Accepts a request (via a self-service portal, API, or pull request)
Creates the subscription under the correct management group
Applies baseline policies and RBAC assignments
Configures networking (peering to hub, DNS, private endpoint policies)
Notifies the requesting workload team

# Example: trigger subscription vending via Azure DevOps pipeline
az pipelines run \
  --name "subscription-vending" \
  --parameters \
    subscriptionName="sub-ecommerce-prod-001" \
    managementGroupId="mg-landing-zones-corp" \
    environmentType="Production" \
    ownerObjectId="$(az ad user show --id team@contoso.com --query id -o tsv)"

Operational Warning

Never allow workload teams to create their own subscriptions and link them to management groups manually. Without vending automation, subscriptions land in the wrong management group, miss policy assignments, and require remediation that grows in cost with every ungoverned subscription added.

Policy-Driven Governance

Azure Policy is the enforcement engine for landing zones. Policies are assigned at the management group level and inherited by all child subscriptions automatically.

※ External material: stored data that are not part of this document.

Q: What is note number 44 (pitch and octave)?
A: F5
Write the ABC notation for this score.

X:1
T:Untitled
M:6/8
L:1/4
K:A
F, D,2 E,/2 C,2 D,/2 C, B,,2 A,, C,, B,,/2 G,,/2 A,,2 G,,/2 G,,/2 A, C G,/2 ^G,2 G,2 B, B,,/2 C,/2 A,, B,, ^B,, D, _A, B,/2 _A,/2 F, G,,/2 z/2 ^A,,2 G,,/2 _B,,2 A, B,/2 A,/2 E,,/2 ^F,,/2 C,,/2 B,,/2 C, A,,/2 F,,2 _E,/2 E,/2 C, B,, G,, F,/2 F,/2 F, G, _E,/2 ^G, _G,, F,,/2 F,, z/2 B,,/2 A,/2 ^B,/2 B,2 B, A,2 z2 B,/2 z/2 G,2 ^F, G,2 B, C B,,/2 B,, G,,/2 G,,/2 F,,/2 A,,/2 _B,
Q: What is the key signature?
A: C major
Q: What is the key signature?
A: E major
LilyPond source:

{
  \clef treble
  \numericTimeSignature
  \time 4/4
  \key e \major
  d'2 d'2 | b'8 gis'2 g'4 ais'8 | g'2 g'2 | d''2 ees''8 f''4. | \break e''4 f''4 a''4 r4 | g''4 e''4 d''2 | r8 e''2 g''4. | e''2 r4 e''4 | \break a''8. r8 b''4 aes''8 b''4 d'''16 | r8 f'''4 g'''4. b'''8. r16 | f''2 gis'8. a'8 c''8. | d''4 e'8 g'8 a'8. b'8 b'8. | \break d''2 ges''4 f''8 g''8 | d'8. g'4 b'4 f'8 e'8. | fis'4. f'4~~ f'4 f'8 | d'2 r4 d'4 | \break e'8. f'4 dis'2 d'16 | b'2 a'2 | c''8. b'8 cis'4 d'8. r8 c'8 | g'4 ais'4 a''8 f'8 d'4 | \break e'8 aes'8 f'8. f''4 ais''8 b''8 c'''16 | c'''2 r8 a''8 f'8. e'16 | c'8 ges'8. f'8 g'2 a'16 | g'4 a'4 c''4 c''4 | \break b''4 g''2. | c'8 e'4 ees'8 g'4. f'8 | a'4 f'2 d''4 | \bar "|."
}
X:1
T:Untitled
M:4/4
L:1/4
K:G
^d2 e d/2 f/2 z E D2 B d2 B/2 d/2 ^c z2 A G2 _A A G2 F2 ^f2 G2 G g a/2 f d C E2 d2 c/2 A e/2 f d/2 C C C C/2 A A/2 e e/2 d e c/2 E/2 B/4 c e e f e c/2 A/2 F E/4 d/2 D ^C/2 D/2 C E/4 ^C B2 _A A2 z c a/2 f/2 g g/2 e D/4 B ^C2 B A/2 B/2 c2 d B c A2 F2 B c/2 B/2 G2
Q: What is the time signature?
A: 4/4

The key policy categories in a landing zone baseline:

Deny — block non-compliant resource creation (e.g. public IP on certain tiers, non-approved regions)
Audit — surface non-compliant resources without blocking deployment
DeployIfNotExists (DINE) — automatically deploy required resources (e.g. diagnostic settings, Defender plans)
Modify — remediate tags, SKUs, or configurations on existing resources

The Azure landing zone IaC accelerator includes a curated set of policy initiatives aligned to frameworks including CIS, NIST SP 800-53, PCI-DSS, and ISO 27001.